» ASSIGNMENT
Could you transcribe exactly the lines below, from the line with "Villa Kale Zadar Dış mekan fotoğraf" through the line with "Cortacésped Profesional Oleo-Mac", and nothing else, leaving out the pictures?

» EXTRACTED INFORMATION

━━━━━━━━

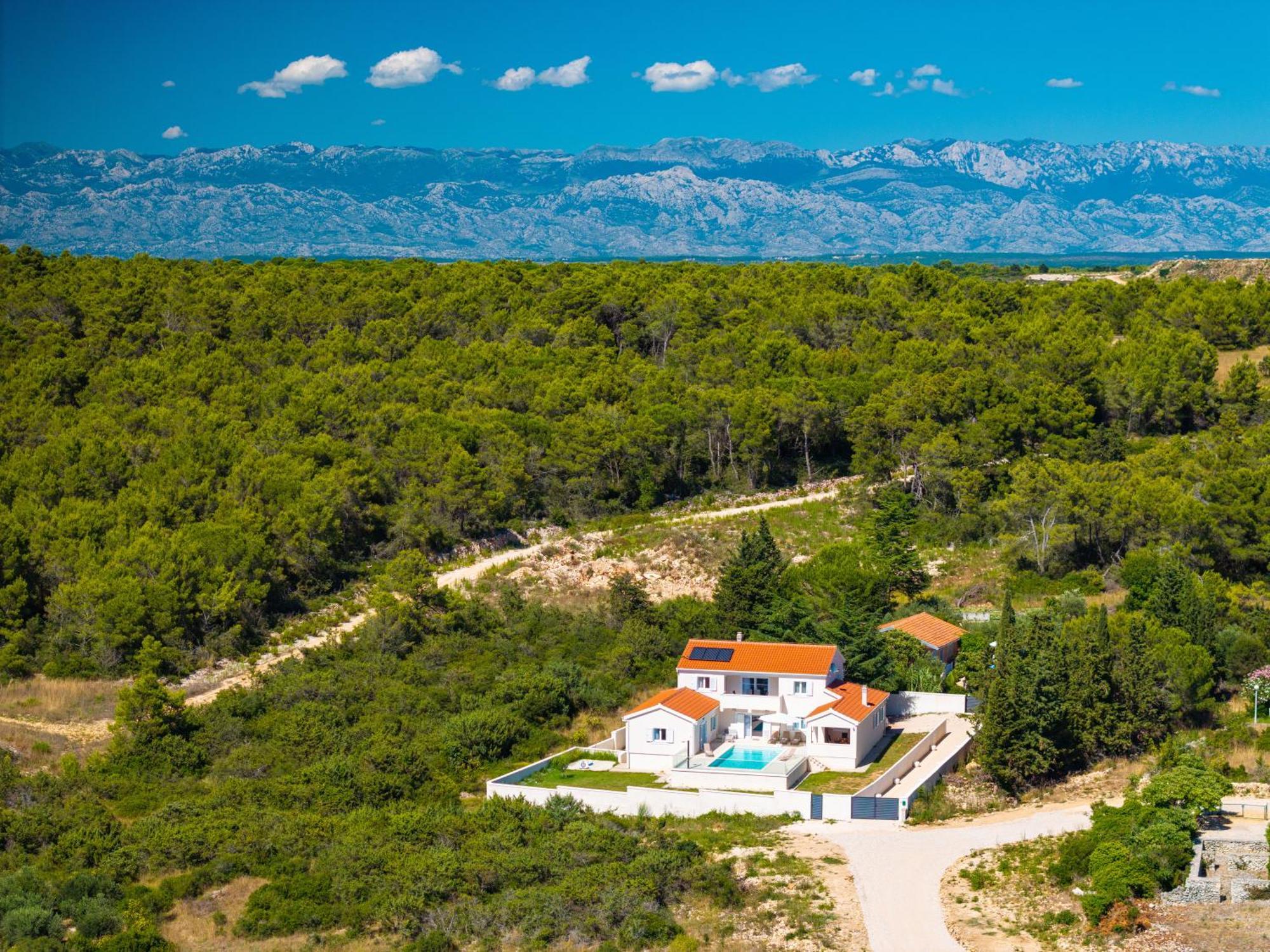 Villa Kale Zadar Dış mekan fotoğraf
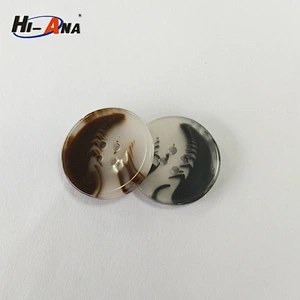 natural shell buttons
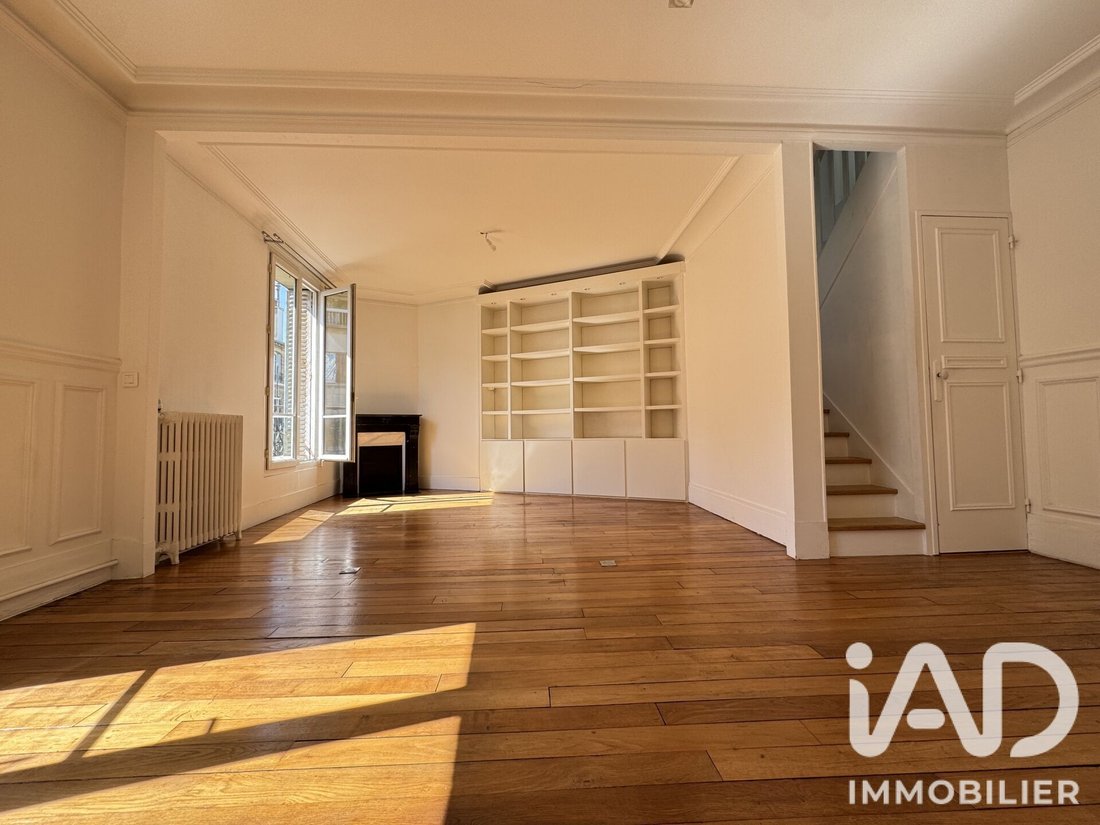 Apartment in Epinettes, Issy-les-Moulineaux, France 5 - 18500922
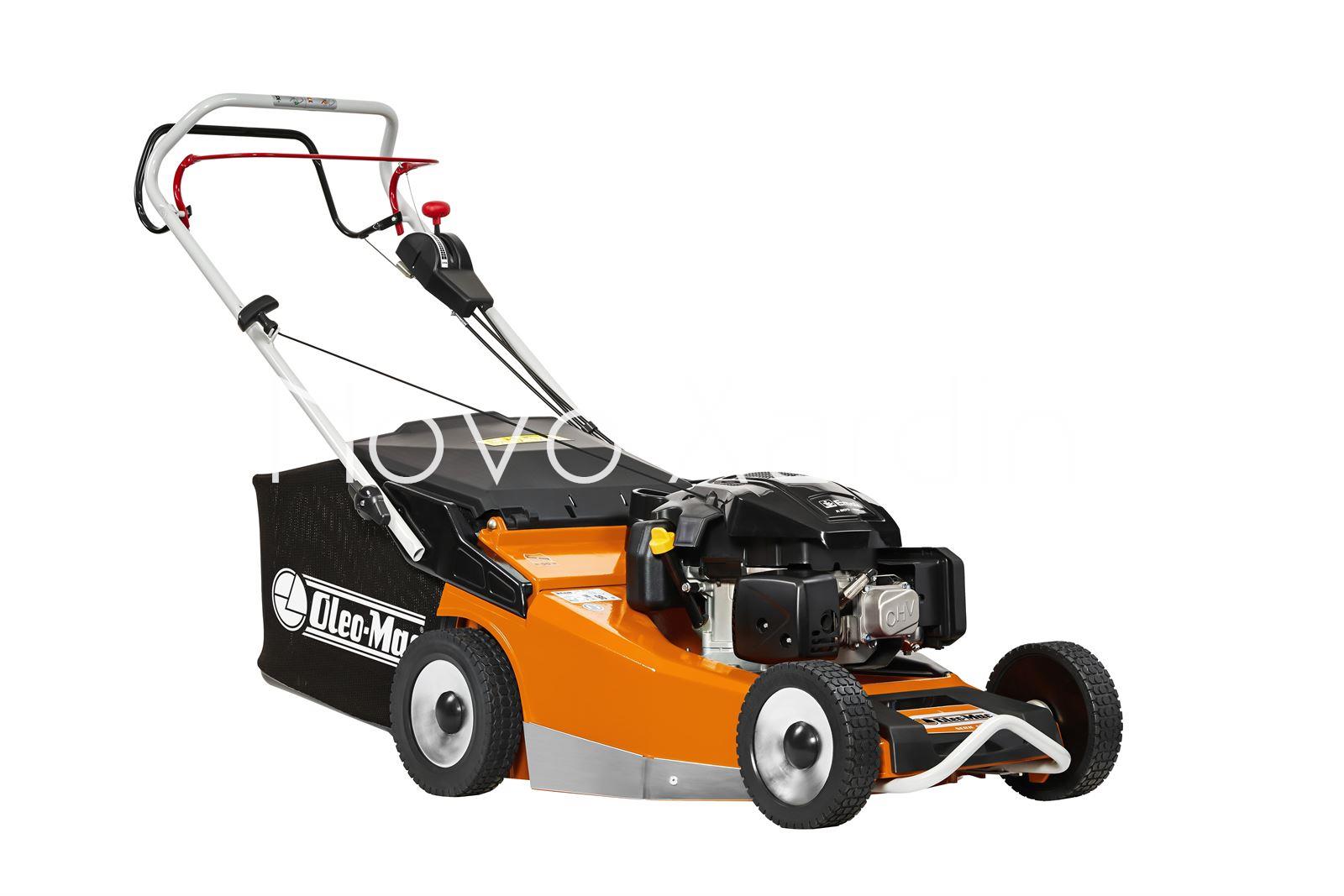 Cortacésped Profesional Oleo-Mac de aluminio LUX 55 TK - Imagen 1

━━━━━━━━

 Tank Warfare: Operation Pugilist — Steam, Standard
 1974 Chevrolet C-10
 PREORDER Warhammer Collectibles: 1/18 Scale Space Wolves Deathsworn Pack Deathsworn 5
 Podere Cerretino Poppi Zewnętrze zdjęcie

━━━━━━━━

» EXPECTED ANSWER
 Villa Kale Zadar Dış mekan fotoğraf
 natural shell buttons
 Apartment in Epinettes, Issy-les-Moulineaux, France 5 - 18500922
 Cortacésped Profesional Oleo-Mac de aluminio LUX 55 TK - Imagen 1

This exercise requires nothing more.